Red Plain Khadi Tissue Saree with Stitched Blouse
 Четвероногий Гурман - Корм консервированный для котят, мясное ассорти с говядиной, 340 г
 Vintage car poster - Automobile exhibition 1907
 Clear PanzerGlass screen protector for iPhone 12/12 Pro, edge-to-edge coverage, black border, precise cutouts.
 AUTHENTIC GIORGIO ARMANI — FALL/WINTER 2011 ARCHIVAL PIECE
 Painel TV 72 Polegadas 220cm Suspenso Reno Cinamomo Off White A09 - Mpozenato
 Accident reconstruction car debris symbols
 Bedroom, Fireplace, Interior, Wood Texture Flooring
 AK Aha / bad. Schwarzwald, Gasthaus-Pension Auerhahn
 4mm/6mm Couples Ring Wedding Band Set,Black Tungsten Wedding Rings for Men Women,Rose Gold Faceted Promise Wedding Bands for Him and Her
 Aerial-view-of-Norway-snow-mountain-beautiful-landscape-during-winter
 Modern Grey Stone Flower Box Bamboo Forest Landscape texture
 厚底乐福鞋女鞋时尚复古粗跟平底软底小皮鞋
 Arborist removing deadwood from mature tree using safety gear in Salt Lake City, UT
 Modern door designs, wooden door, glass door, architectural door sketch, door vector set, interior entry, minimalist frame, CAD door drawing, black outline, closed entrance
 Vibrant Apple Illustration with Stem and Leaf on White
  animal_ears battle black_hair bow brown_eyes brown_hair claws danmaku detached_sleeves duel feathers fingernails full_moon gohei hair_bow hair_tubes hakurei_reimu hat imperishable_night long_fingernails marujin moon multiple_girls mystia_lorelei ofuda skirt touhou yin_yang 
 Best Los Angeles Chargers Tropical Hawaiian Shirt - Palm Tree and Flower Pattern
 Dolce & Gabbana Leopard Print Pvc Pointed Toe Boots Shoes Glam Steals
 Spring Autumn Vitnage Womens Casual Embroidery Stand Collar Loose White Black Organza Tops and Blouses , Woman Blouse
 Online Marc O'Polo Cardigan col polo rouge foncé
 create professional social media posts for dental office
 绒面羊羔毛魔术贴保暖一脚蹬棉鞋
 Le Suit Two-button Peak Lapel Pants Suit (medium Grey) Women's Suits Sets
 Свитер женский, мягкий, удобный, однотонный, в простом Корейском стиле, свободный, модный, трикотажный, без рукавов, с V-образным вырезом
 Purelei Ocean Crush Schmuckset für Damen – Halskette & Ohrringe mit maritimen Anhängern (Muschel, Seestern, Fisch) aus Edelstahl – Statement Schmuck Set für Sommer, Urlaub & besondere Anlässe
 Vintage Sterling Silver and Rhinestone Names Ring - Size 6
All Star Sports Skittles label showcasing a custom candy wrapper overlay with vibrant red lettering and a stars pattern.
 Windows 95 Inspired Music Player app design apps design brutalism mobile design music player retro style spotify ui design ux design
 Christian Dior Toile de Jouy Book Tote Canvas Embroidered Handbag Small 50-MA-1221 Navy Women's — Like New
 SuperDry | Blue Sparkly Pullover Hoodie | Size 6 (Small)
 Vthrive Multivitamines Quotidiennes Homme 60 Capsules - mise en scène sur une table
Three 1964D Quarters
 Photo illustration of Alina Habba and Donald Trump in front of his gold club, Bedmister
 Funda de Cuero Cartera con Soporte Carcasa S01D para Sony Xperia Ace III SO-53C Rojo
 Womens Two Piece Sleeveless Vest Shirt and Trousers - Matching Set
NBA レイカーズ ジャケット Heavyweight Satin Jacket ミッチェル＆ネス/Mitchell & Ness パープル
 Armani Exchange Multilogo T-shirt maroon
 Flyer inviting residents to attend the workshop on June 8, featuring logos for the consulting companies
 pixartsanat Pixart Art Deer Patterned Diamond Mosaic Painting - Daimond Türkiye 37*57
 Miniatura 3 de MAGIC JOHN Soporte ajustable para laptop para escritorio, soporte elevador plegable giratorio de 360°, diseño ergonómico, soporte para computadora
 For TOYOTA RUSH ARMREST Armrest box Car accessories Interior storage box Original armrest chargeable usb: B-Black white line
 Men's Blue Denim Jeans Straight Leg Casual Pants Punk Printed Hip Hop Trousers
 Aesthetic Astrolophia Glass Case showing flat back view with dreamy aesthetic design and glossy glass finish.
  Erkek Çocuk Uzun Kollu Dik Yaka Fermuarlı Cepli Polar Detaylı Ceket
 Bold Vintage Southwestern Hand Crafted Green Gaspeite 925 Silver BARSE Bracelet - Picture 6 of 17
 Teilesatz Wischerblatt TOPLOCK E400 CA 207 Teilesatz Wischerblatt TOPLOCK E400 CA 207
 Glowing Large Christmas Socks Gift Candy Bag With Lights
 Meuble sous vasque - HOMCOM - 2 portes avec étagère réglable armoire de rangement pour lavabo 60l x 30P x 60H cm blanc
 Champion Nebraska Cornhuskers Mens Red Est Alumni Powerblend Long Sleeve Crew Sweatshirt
************
WORK TO COMPLETE – Precisely the lines between those holding "Modern door designs, wooden" and "Vibrant Apple Illustration", inclusive, are to be reproduced from the listing above, with nothing added.

RESULT OF THIS EXERCISE –
 Modern door designs, wooden door, glass door, architectural door sketch, door vector set, interior entry, minimalist frame, CAD door drawing, black outline, closed entrance
 Vibrant Apple Illustration with Stem and Leaf on White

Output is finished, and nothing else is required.